- November 3, 2014
- Posted by: Dave Kurlan
- Category: Understanding the Sales Force
Believe it or not, most people still believe that sales success boils down to getting a lot of people to agree to watch a demo. While that’s the case with technology, it doesn’t vary too much from that in non-technology sales where most people believe that sales success boils down to one of two things – either a critical mass of meetings, or a proposal or quote.
On the other hand, depending on which experts you listen to, sales success boils down to how effective one is with either Inbound, Social Selling, Consultative Selling, Qualifying, Value Selling, Solution Selling, Relationship Selling, The Challenger Sale, acceptance of the Buyer Journey, Sales Process, Sales Methodology, Prospecting, Telesales, Reaching Decision Makers, Closing Techniques, Value Propositions, Capabilities, Presentations, Metrics, Tools, CRM, Pipeline Management, Training, Coaching, Sales Management, Selection, or Timing. I’m sure I’ve missed a few, but you get the gist.
Sales success is no more about any one competency than great-tasting soup is about one ingredient. If you omit one ingredient, like salt, the soup will taste bland. If you omit one competency, like Qualifying, your sales effectiveness will suffer. While you can’t leave one ingredient out of the soup, it’s also not possible to make soup by focusing on and including only one ingredient. Likewise, with sales, you can’t expect to succeed, dominate your market, and celebrate your results if you focus on and include only one of the competencies on my list.
It requires all of the competencies, all of the tools, all of the systems and processes, and effective sales leaders to bring it all together.

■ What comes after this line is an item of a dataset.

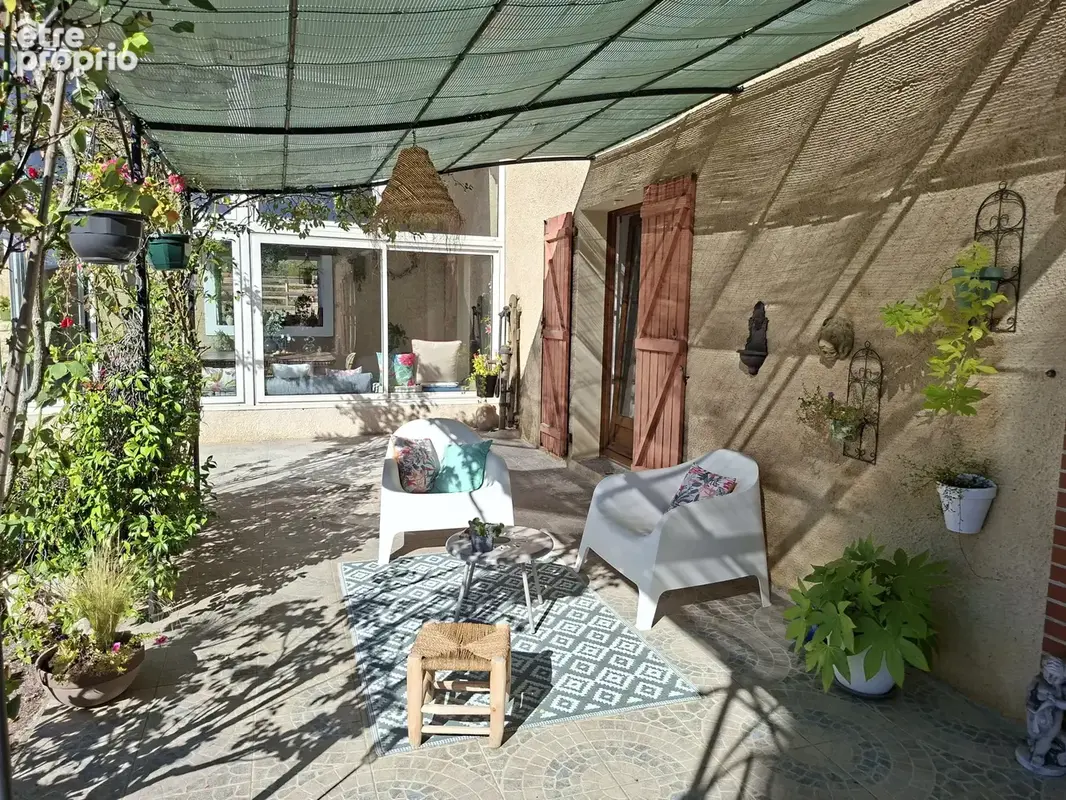Superbe propriété rénovée avec goût - photo 6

Companies that abandon their time-tested and proven approaches for new tools and technology are as short-sighted as companies that fail to adopt the new approaches, tools and technologies. It’s not about extremes or polar opposites as much as it’s about planning, integration, a practical approach and inspection.
Sometimes, the leaders are too close to know what to keep, what to discard, what to adopt, and how or when to adapt. Sometimes they are too smart and know the answers without knowing which questions to ask.
Just remember, sales success is a lot like making soup.